Please retype the records below exactly, from the first line through the line containing "Maitland Smith Chinoiserie", and leave out any pictures.

──────── Provided material

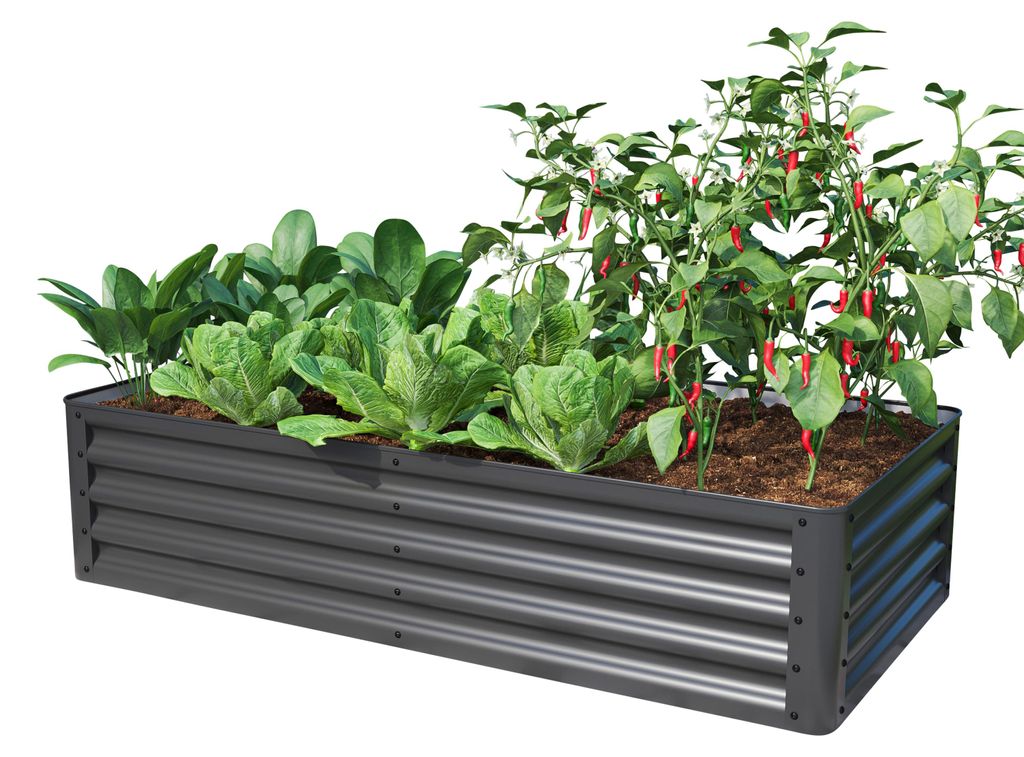 PRIMEYARD Carré potager surélevé LUCA, acier, anthracite Image du produit 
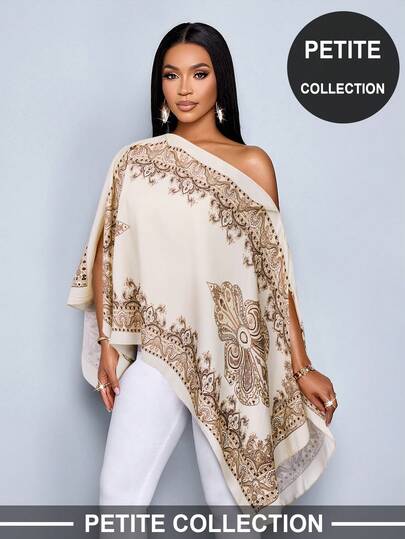 SOLERSUN Petite Women's One-Shoulder Shawl With Asymmetrical Hem, Paisley Pattern, Island Style, Music Festival,Spring/Summer Shirt.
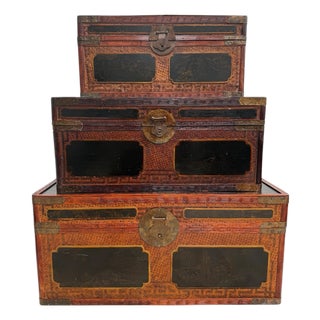 Maitland Smith Chinoiserie Trunk Set of 3 With Brass Hardware Hand Painted Panels Complete Set Chests For Sale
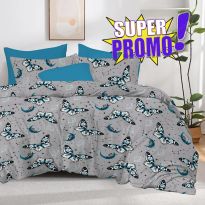 Lenjerie pat bumbac Finet 6 piese PROMO, cearșaf pat 220x240 cm, pilotă 200x220 cm, 2 fețe perne 50x70 și 70x70 cm, Gri, Pucioasa 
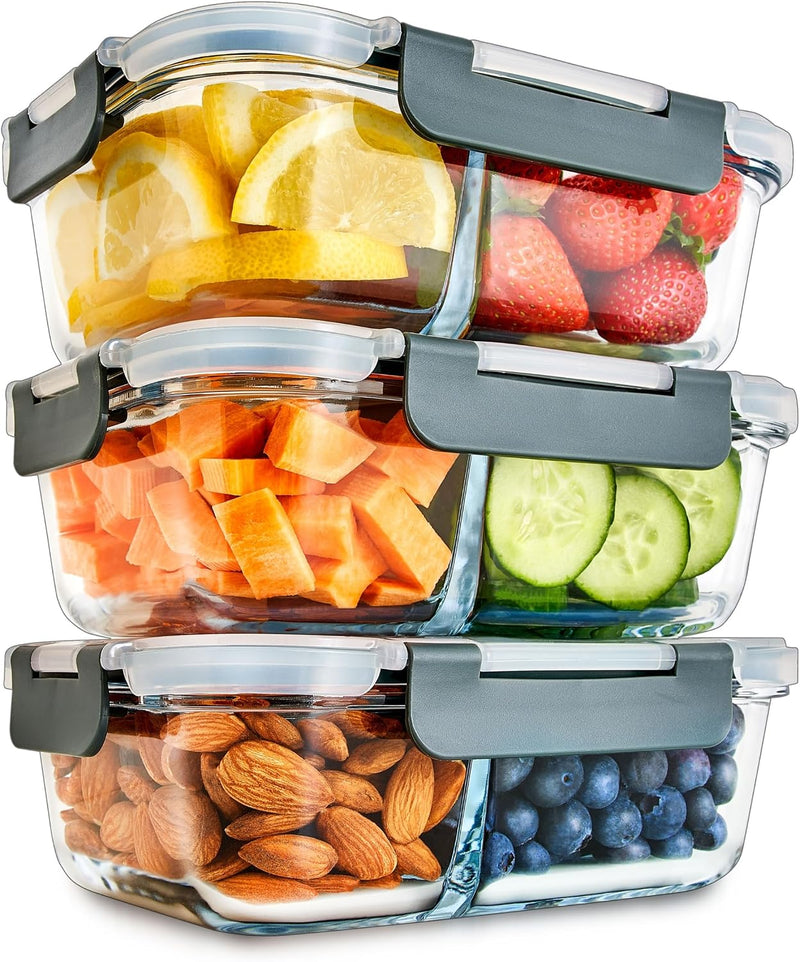 Laden Sie das Bild in Galerie -Viewer, Glazen meal prep bakjes set van 3 met 3 vakken
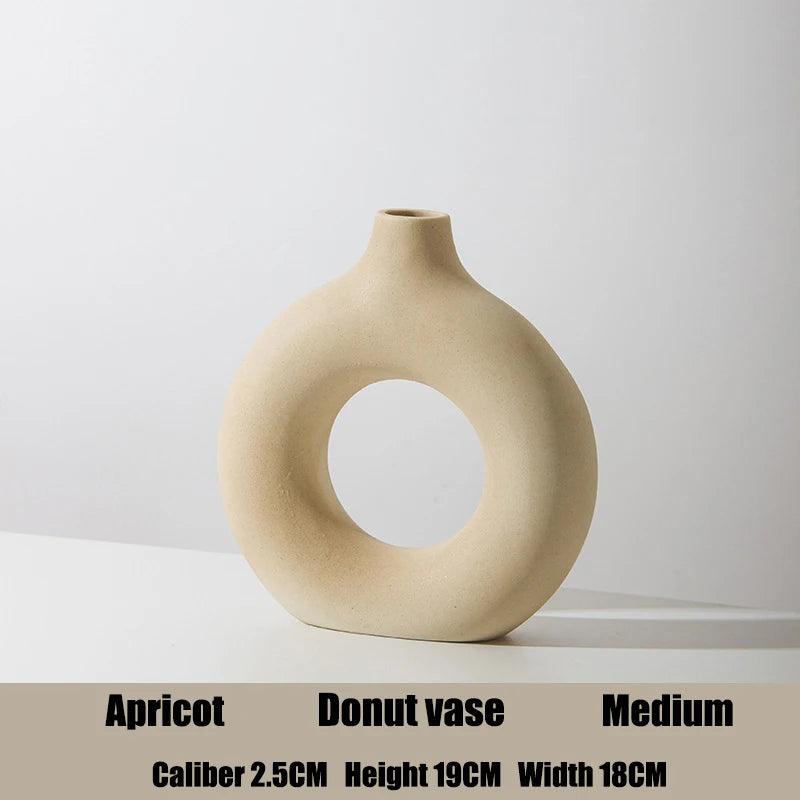 Nordic Circular Hollow Ceramic Vase Donuts Flower Pot Home Decoration Accessories Office Desktop Living Room Interior Decor Gift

────────────────

#### Solution below
 PRIMEYARD Carré potager surélevé LUCA, acier, anthracite Image du produit 
 SOLERSUN Petite Women's One-Shoulder Shawl With Asymmetrical Hem, Paisley Pattern, Island Style, Music Festival,Spring/Summer Shirt.
 Maitland Smith Chinoiserie Trunk Set of 3 With Brass Hardware Hand Painted Panels Complete Set Chests For Sale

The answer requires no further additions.